03 / 10 / 1886-22 / 09 / 1914
Portrait d'Alain-Fournier par Jacques Rivière

«C’est à un disparu, et, de plus, à un ami, à Alain Fournier, l’auteur du Grand Meaulnes, que Jacques Rivière, dans La Nouvelle Revue Française, consacre plusieurs pages de biographie.

Un mot de Benjamin Constant, dit-il, explique cette âme : « Je ne suis peut-être pas tout à fait un être réel ». La réalité, en effet, ne l’attacha jamais que bien légèrement, et, en littérature, il alla d’instinct aux œuvres qui lui faisaient sentir l’idéalité de l’univers et de la vie. Aussi, M. J. Rivière éprouve-t-il quelque appréhension à risquer une biographie de Fournier puisée ailleurs que dans ses contes et dans Le Grand Meaulnes. Ne sera-t-il pas un continuel mensonge, le récit des faits qu’il n’a pas vécus? Pourtant, il est le seul à l’avoir vraiment connu, par l’effet d’une liaison nouée au Lycée Lakanal où tous deux entrèrent, en octobre 1903, pour préparer l’École Normale Supérieure. Alain Fournier a dix-sept ans. Tout de suite son esprit d’indépendance le dresse, comme chef d’une coterie de révoltés, contre les habituelles brimades des anciens vis-à-vis des nouveaux. Mais sous ses dehors indomptés il cache une nature tendre, naïve, rêveuse. Il aime parler avec son ami de son pays natal, La Chapelle-d’Angillon, dans le Cher, à une trentaine de kilomètres au nord de Bourges, et, plus encore, d’Épineuil-le-Fleuriel, petit village situé à l’autre extrémité du département, entre Saint-Amand et Montluçon, où ses parents furent longtemps instituteurs, et où il passa toute sa première enfance. Ces paysages familiers fournissent à son imagination ses premiers aliments. Elle en trouve d’autres dans la lecture des livres de prix que reçoivent les parents de Fournier, chaque année, au début de juillet et dont, enfermé au grenier avec sa sœur, il dévore toute la provision. Ayant, vers 13 ans, décidé de se faire officier de marine, il va à Paris, au Lycée Voltaire; puis à Brest pour préparer l’examen du Borda. Mais, rebuté par les mathématiques, il rentre au bout d’un an dans son pays. C’est alors qu’il se tourne vers les lettres et vient à Lakanal, où une lecture que fait à ses élèves le professeur M. Francisque Vial, du Tel qu’en songe d’Henri de Régnier, est pour lui, ainsi que pour son ami, un révélation. C’était avant le congé de Noël. Dès la rentrée, les deux amis négligeant la préparation de l’ « École » se jettent à corps perdu dans les œuvres de Régnier, Maeterlinck et Viélé-Griffin.

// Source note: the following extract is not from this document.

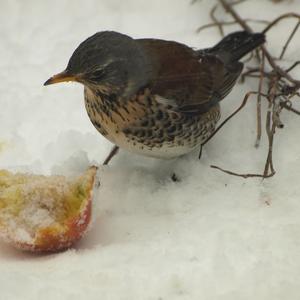 Fieldfare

Puis, tandis que J. Rivière s’attache de préférence à Maeterlinck et à Barrès, Fournier, vers 1905, place au premier rang de ses affections littéraires d’abord Jules Laforgue, ensuite Francis Jammes. Il y a entre eux et lui plus grand affinité d’esprit. Comme Laforgue, en effet, il se sent un immense besoin de la Femme, mais de la Femme pure et d’une innocence parfaite; il lui faut, comme à Laforgue, l’union des âmes avant celle des corps, et un certain absolu d’affection où se plonger. Bref, toutes les exigences de Laforgue, il les reconnaît pour siennes, et aussi ses déceptions. Car il se rendait compte de tout ce que son rêve avait d’irréalisable, et d’avance il en éprouvait cette même irritation désolée qu’il voyait, chez Laforgue, se tourner en ironie. D’ailleurs, des relations, tout à fait pures, qu’il ébauche à ce moment-là avec une petite étudiante, le mettent à même d’expérimenter que la réalité ne répond pas à son idéal. Mais, comme contrepoids à ses aspirations chanceuses, il y avait aussi en lui le goût des choses concrètes, et c’est dans Jammes qu’il trouve à le satisfaire. Il aime ses vers, à dessein faux ou mal cadencés, qui visent à traduire en langage à la fois clair et insaisissable la plus humble réalité; et c’est appuyé sur Jammes qu’il commence à se révolter contre l’intelligence, c’est-à-dire, dans sa pensée, contre la culture des idées, contre l’effort pour définir, contre le jugement qui exclut. Barrès alors l’exaspère, et il se reproche, dans une lettre du 22 janvier 1906, de ne pas chercher en lui-même « des mots brefs et légers qui disent le passé ou la vie ».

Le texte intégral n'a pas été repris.